Задача Гюго в данном отрывке — передать интенсивность страсти священника и остроту его внутреннего конфликта. Он использует для этого мелочи — священник не просто признается: «Я страдаю и думаю о тебе», — он приводит конкретные детали — и конкретика соответствует страсти, она подчеркивают сущность страданий священника. Так, у меня и у Гюго обнаруживается нечто общее: мы оба имеем дело с конкретными деталями и чувствами.

Например: «Я использовал все мои обычные средства: монастырь, алтарь, работу, книги». Священник не говорит: «Я пытался побороть это», хотя это главное, но он перечисляет эти особые средства.

«Знаешь ли ты, юная дева, что я всегда видел с тех пор между книгой и мной? Тебя, твою тень». Это типично романтический подход. Если бы он сказал: «Я сохранял в памяти твой образ» это было бы не так сильно, как «между книгой и мной». Можно даже видеть девушку, танцующую на книге священника; образ очень колоритный и содержательный, но специфичный. Это дает нам понимание того, как он переживал — как его религиозная сосредоточенность была разбита образом соблазнительницы — что гораздо определеннее, чем «я постоянно думаю о тебе, и ничто не помогает».

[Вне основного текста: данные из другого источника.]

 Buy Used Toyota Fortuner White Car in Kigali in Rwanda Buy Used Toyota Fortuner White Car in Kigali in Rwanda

«Не зная, как избавиться от этого наваждения, от твоей песни, постоянно звенящей в голове, от твоих ног, танцующих на моем молитвеннике», — снова, сосредоточенность, которая содержит точное описание того, что он испытывал — «всегда чувствуя ночью, в мечтах, твои формы, возбуждающие мою плоть». В одном англоязычном издании перевели так: «видя тебя в моих мечтах», — что является банальным обобщением, чего Гюго уж точно не желал.

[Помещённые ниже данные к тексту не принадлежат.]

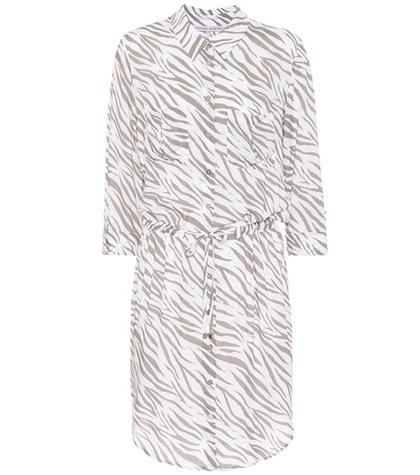 Heidi Klein Zebra Printed Shirt-dress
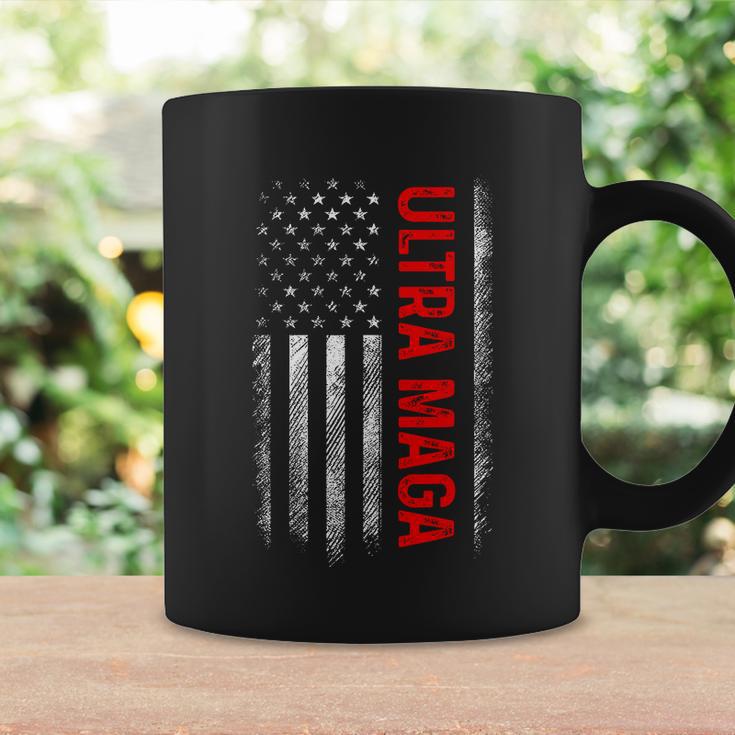 Ultra Maga American Flag Anti Joe Biden Tshirt Coffee Mug Gifts ideas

Посмотрите на драматичную простоту и конкретность, с которой священник объясняет, зачем ему нужна новая встреча с девушкой: «Я хотел увидеть тебя снова, касаться тебя, знать, кем ты была, увидеть, найду ли я тебя достойной сравнения с воображаемым идеалом, за который я тебя принимал, разрушить, возможно, мою мечту сравнением с реальностью. В любом случае, я надеялся, что новое впечатление перечеркнуло бы первое, и первое стало бы терпимым для меня. Я искал тебя. Я видел тебя снова». Затем он описывает последствия, и снова делает их конкретными. Он не говорит: «Из всего этого следует, что я был беспомощен перед своей страстью». Он повествует об этом так: «Я ждал тебя на входе, я искал тебя на улицах, я наблюдал тебя с вершины моей башни». Предшествующие эпизоды дали развернутое представление о кафедральном соборе и его башнях. Строка «Я наблюдал тебя с вершины моей башни» является такой отличной конкретизацией, которая вызывает в памяти читателя визуальную картину контекста: он может видеть священника, стоящего на башне, и девушку, танцующую на площади внизу.

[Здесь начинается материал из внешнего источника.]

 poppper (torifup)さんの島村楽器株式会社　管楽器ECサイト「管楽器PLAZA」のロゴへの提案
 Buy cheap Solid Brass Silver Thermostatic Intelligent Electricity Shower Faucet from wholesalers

«О! любить женщин! быть священником! быть ненавидимым!» Важная конкретика, обнажающая суть конфликта. «Чувствовать, что за бледную тень ее улыбки можно отдать всю кровь, внутренности, характер, спасение, бессмертие и вечность». Если бы он сказал: «Я бы отдал тебе все», это была бы расплывчатая абстракция. «И видеть ее очарованной солдатской формой» — не «глупым солдатом», что было бы слабым утверждением подобной идеи — «и ничего не иметь предложить ей, кроме поношенной рясы священника».